Asked about the team’s aim for these new additions, Vella explained that their aim is not only to prepare for the 2023 GSSE Games but also for their personal development so that they can have a basketball career which may even take some of them overseas.

“We’ve got four new players for whom this will be their first senior experience but I was surprised by how ready they were to make the necessary sacrifices – something which not everyone is ready to do,” Vella said.

“At that age, this is the ideal opportunity to get experience and the chance to play at this level, and live it – waking up for breakfast, video session, training and a discussion with the coach, physiotherapy, and then off to the game.

“This tournament will be totally different to how we live the game of basketball locally. So they get an experience which they will live differently – there, even preparation, especially mental, is different.

On the other hand, with Vella on the sidelines, Peter Shoults will remain the veteran on court and Vella lauded the fact that he will be there for the team.

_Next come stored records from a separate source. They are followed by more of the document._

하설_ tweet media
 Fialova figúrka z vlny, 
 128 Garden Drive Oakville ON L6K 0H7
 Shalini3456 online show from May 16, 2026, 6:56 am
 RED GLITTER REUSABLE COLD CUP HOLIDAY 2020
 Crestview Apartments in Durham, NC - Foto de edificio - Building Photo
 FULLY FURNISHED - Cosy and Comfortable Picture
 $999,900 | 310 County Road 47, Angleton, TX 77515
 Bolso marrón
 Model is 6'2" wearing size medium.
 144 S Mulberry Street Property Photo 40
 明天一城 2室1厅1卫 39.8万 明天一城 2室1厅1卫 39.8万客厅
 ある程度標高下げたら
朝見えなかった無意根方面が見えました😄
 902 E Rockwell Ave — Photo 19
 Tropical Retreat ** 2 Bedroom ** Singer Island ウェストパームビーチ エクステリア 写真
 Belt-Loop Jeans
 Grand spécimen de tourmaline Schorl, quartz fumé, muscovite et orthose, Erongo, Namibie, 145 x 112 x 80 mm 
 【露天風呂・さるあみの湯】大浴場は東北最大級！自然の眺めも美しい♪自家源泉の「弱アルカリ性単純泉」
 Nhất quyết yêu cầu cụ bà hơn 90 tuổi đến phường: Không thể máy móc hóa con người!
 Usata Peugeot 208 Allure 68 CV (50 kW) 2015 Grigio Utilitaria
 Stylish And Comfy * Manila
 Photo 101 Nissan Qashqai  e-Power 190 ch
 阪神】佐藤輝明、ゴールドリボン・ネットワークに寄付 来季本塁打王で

“Peter (Shoults) has been with the national team since 2004, so 17 years and he’ll be 36 soon so I think his experience will be invaluable,” Vella

“Apart from this, Peter is a valid player who stands out in the Maltese league. He’s valid for the energy he puts into the team – he’s one who gives his 100 percent on the court so it will be something that will help the youths to want to do the same. The age is there but we can turn it into experience to help the team.”

While San Marino and Gibraltar will be Malta’s must-win games to guarantee a successful start, Andorra and Ireland will be the teams to beat.

Asked about how difficult these games will be, Vella explained that especially because of COVID-19, which restricted the number of friendlies the teams have managed to play, the way to know is by watching performances during the tournament.

“Right now, all we have is data and information on their players. With COVID, videos of recent games are only a few or only parts, so we only have information on individual players,” Vella admitted.

“But we know our level. The Samuel setback, especially having come so late, means we’ve had to change our tactics and the way we defend so we’ll have to see how we match with the other teams when we’re there.

“Basketball is unpredictable and you could have a bad game in an easy game but from the records that we have, we are trying to create the best idea.”